- Opening Delimiter -
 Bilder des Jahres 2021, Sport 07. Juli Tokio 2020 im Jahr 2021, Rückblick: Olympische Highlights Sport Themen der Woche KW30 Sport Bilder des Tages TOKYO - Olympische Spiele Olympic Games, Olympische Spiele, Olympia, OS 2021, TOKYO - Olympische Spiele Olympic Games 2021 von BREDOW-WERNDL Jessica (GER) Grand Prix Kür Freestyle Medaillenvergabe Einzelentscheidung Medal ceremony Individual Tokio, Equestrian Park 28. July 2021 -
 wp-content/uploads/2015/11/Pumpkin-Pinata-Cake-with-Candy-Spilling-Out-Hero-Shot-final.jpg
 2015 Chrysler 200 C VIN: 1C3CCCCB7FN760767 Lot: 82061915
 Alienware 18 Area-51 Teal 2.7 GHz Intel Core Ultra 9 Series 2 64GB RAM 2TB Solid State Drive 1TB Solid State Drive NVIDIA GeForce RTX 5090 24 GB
- Closing Delimiter -
- Opening Delimiter -
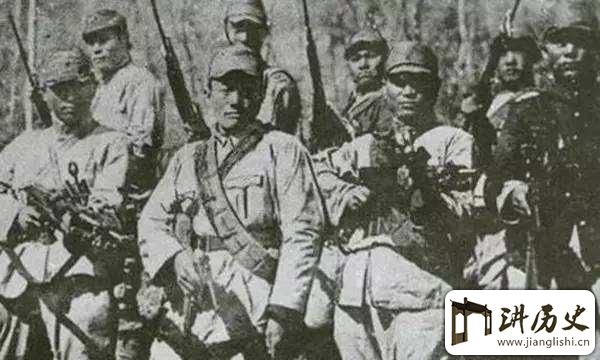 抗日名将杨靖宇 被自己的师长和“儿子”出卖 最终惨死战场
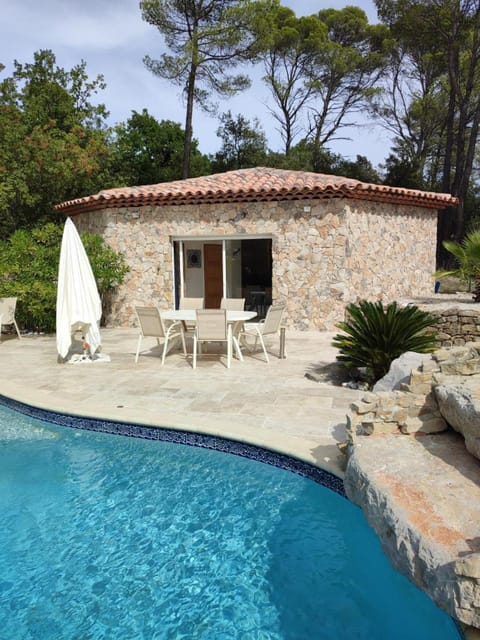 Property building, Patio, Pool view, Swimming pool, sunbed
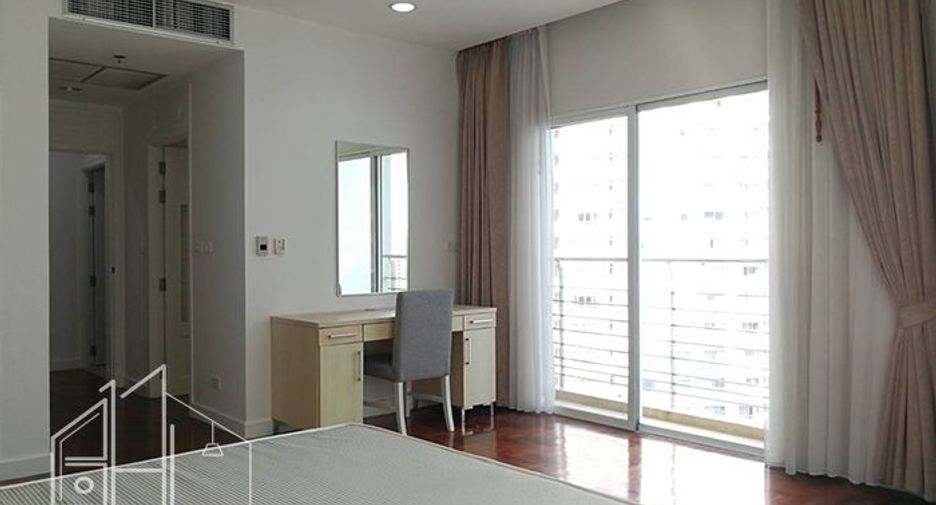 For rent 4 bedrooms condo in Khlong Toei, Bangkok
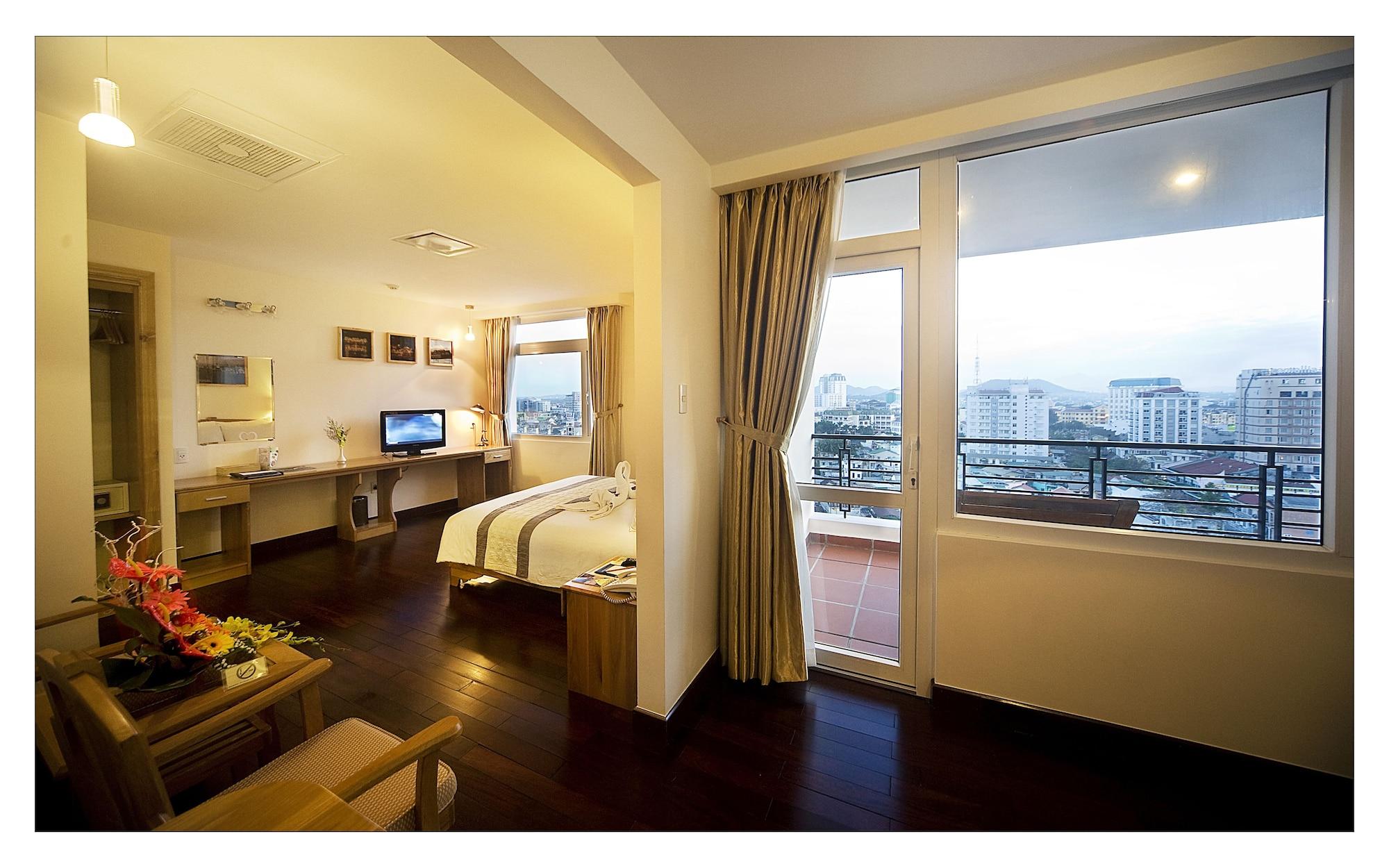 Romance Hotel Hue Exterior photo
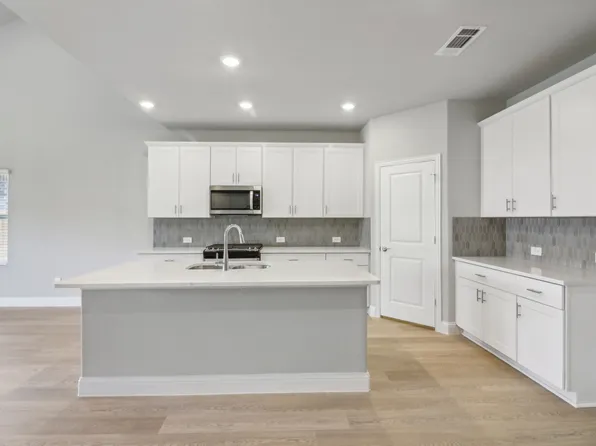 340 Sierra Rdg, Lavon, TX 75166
- Closing Delimiter -
- Opening Delimiter -
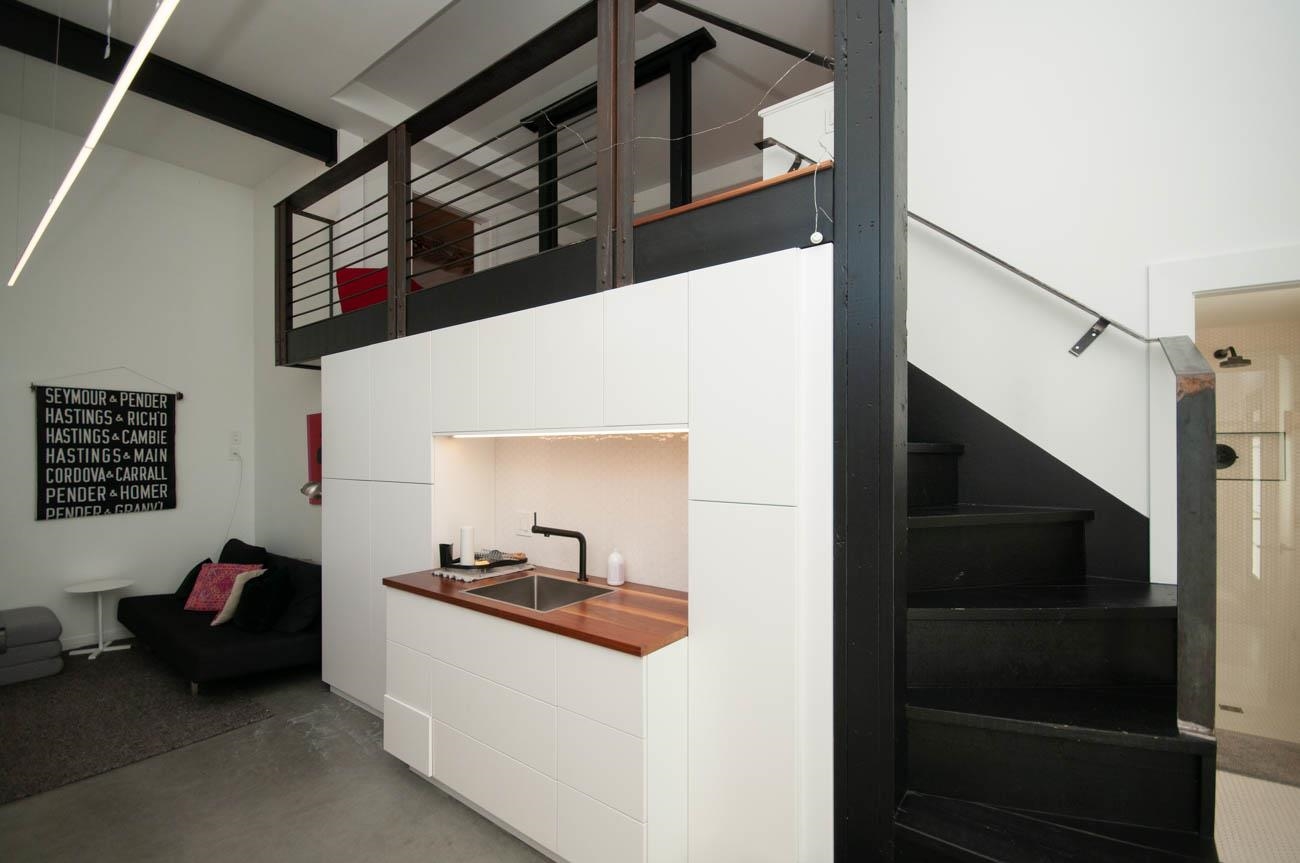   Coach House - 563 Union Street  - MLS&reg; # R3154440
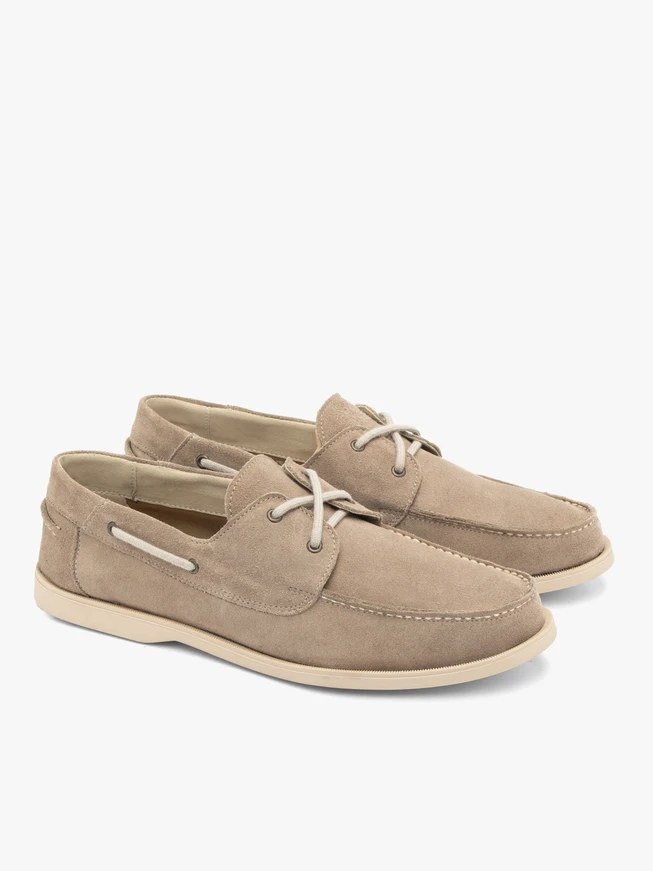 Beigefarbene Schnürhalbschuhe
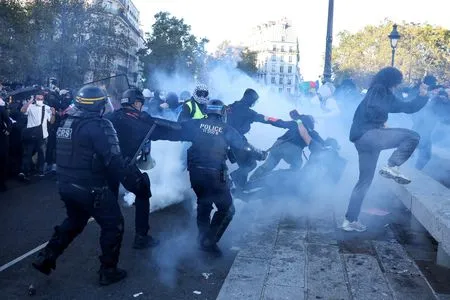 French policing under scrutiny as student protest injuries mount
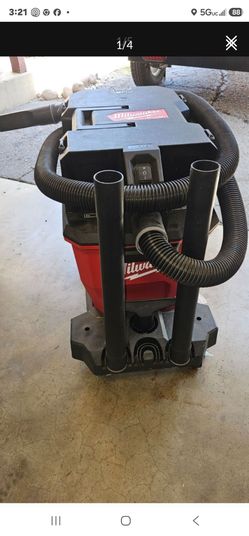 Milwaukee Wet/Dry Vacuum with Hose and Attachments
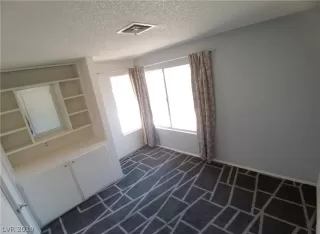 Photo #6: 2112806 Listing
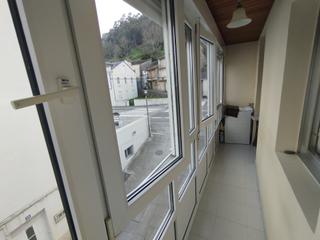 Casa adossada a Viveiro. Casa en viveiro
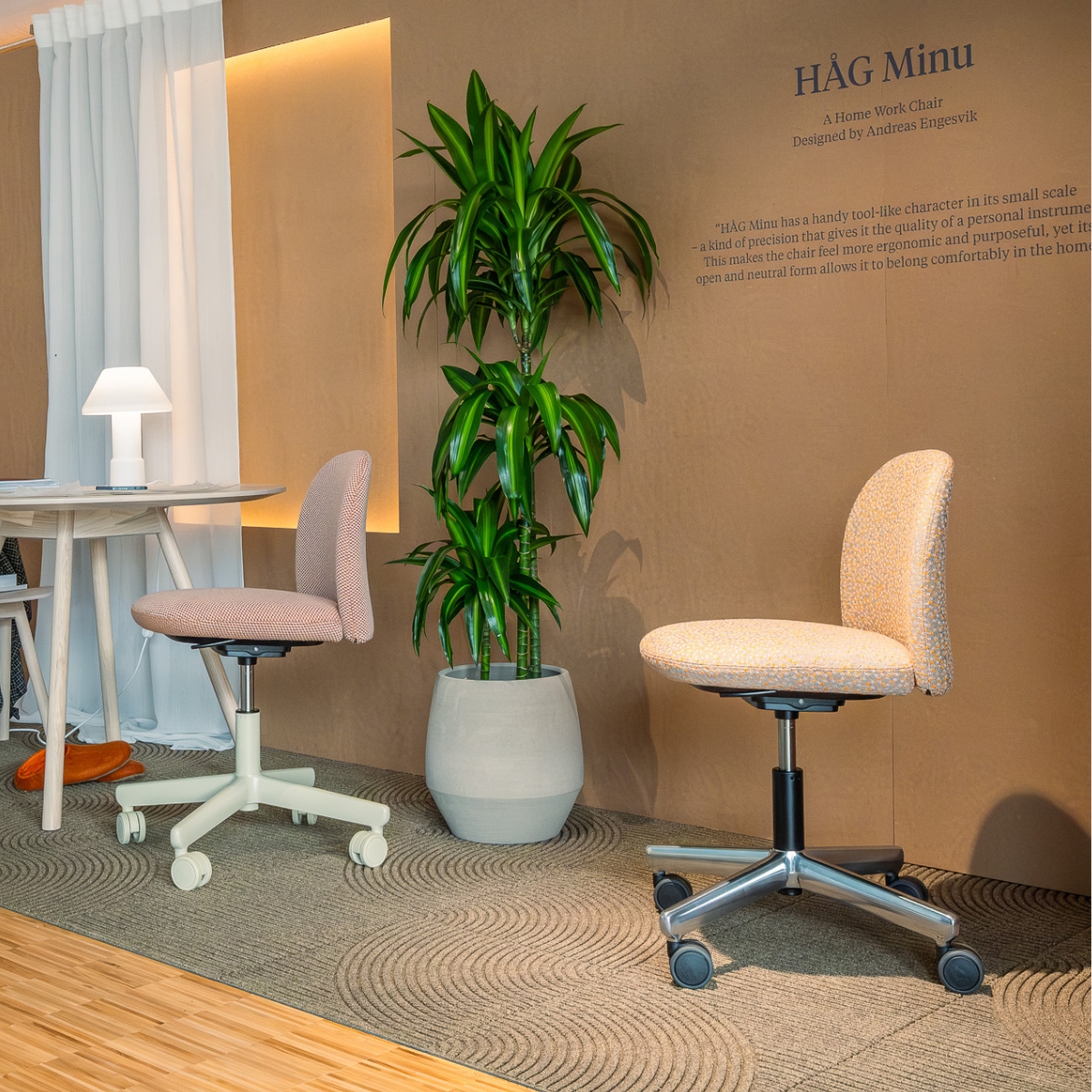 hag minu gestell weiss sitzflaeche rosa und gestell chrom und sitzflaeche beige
- Closing Delimiter -
# Exercise
Make an exact copy of the lines above, beginning with the line with "Casa adossada a Viveiro. Casa en viveiro" and ending with the line with "hag minu gestell", and keep the pictures out of it.

# Result of the exercise
 Casa adossada a Viveiro. Casa en viveiro
 hag minu gestell weiss sitzflaeche rosa und gestell chrom und sitzflaeche beige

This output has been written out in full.